Problem details —
Reproduce the listing exactly and skip over any pictures.

Data block —
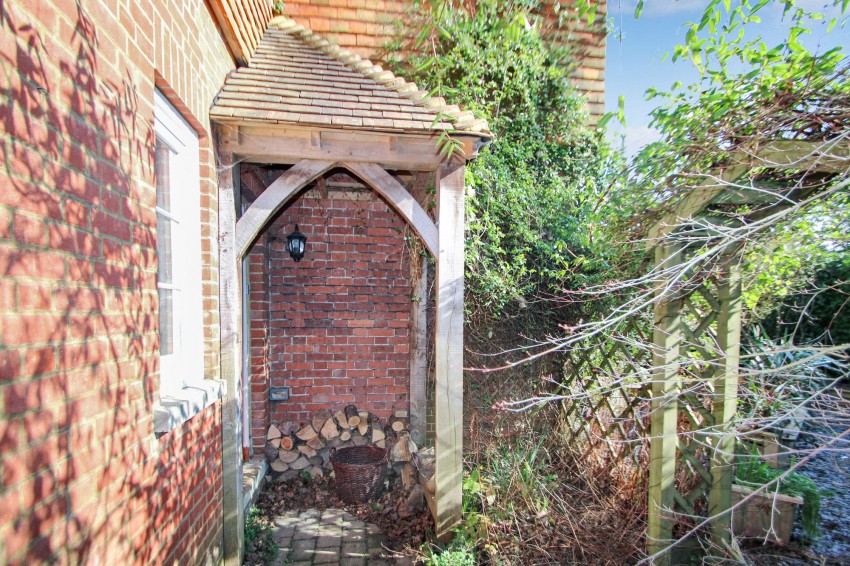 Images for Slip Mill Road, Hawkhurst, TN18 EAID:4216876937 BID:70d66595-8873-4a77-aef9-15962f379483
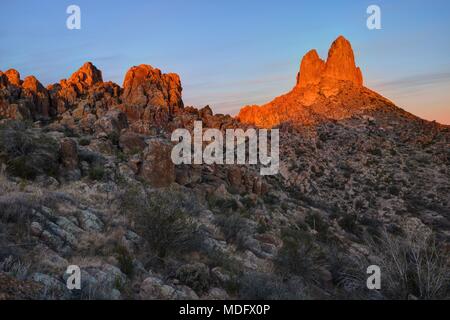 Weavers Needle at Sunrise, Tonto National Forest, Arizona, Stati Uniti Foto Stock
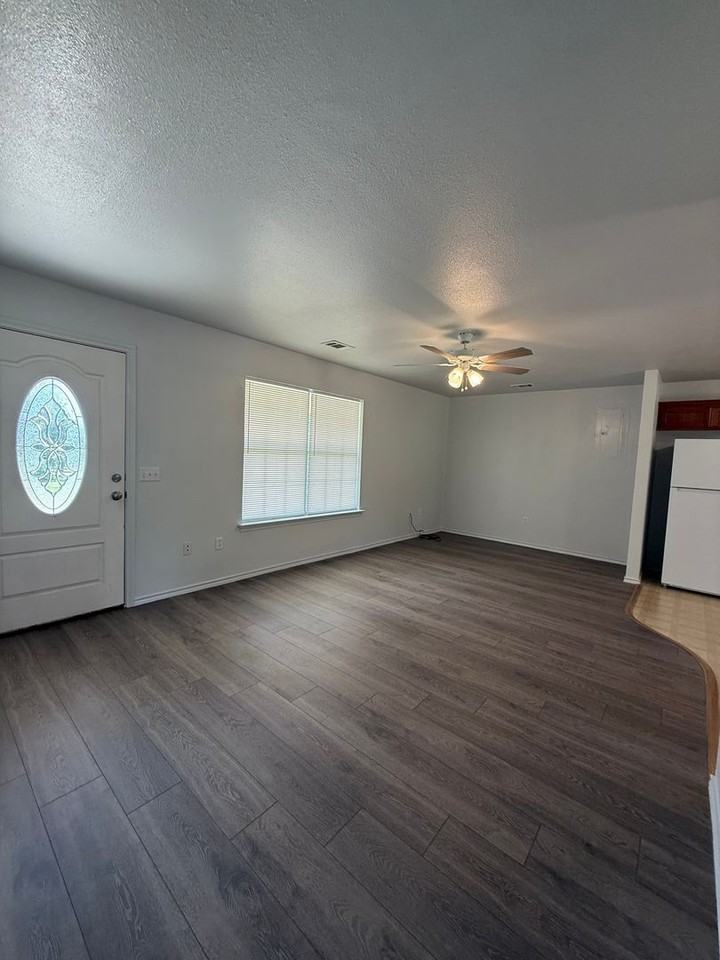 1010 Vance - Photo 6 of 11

Problem solution —
 Images for Slip Mill Road, Hawkhurst, TN18 EAID:4216876937 BID:70d66595-8873-4a77-aef9-15962f379483
 Weavers Needle at Sunrise, Tonto National Forest, Arizona, Stati Uniti Foto Stock
 1010 Vance - Photo 6 of 11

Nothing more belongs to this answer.